Use kubectl apply to update the Prometheus server configmap.

  1. kubectl apply -f update-prometheus-configmap.yaml

Verify Prometheus is able to scrape the OSM mesh and API endpoints by using kubectl port-forward to forward the traffic between the Prometheus management application and your development computer.

  1. export POD_NAME=$(kubectl get pods -l "app=prometheus,component=server" -o jsonpath="{.items[0].metadata.name}")
  2. kubectl port-forward $POD_NAME 9090

Open a web browser to http://localhost:9090/targets to access the Prometheus management application and verify the endpoints are connected, up, and scrapping is running.

Integrate OSM with Prometheus and Grafana - 图1

Targets with specific relabeling config established by OSM should be “up”

Stop the port-forwarding command.

Deploying a Grafana Instance

Use helm to deploy a Grafana instance to your cluster in the default namespace.

  1. helm repo add grafana https://grafana.github.io/helm-charts
  2. helm repo update
  3. helm install grafana/grafana --generate-name

Use kubectl get secret to display the administrator password for Grafana.

  1. export SECRET_NAME=$(kubectl get secret -l "app.kubernetes.io/name=grafana" -o jsonpath="{.items[0].metadata.name}")
  2. kubectl get secret $SECRET_NAME -o jsonpath="{.data.admin-password}" | base64 --decode ; echo

Use kubectl port-forward to forward the traffic between the Grafana’s management application and your development computer.

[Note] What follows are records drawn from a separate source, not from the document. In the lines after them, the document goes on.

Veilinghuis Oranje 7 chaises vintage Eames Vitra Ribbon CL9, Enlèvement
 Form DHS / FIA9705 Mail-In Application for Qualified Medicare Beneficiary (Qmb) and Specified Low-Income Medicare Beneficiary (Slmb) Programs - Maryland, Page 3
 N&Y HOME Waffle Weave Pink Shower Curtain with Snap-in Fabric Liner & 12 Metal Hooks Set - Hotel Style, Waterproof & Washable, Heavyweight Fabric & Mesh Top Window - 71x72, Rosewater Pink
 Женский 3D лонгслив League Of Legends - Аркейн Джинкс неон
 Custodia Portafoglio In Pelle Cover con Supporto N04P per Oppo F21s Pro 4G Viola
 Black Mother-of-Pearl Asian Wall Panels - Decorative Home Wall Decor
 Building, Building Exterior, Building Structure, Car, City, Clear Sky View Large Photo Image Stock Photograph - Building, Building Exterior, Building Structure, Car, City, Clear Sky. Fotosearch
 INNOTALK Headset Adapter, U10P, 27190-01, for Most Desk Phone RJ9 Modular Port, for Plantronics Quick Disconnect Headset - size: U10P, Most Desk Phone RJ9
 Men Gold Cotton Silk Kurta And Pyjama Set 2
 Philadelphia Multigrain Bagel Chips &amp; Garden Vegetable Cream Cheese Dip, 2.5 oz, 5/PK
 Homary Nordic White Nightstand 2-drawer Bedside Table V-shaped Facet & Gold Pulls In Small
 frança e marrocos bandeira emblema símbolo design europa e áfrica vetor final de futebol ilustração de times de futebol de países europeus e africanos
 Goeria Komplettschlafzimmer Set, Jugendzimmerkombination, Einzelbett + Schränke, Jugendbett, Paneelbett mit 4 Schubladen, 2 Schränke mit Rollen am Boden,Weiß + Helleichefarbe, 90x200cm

  1. export POD_NAME=$(kubectl get pods -l "app.kubernetes.io/name=grafana" -o jsonpath="{.items[0].metadata.name}")
  2. kubectl port-forward $POD_NAME 3000

Open a web browser to http://localhost:3000 to access the Grafana’s management application. Use admin as the username and administrator password from the previous step. and verify the endpoints are connected, up, and scrapping is running.

From the management application:

  • Select Settings then Data Sources.
  • Select Add data source.
  • Find the Prometheus data source and select Select.
  • Enter the DNS name, for example stable-prometheus-server.default.svc.cluster.local, from the earlier step in URL.

Select Save and Test and confirm you see Data source is working.

Importing OSM Dashboards

OSM Dashboards are available through OSM GitHub repository, which can be imported as json blobs on the management application.

To import a dashboard:

  • Hover your cursor over the + and select Import.
  • Copy the JSON from the osm-mesh-envoy-details dashboard and paste it in Import via panel json.
  • Select Load.
  • Select Import.

Confirm you see a Mesh and Envoy Details dashboard created.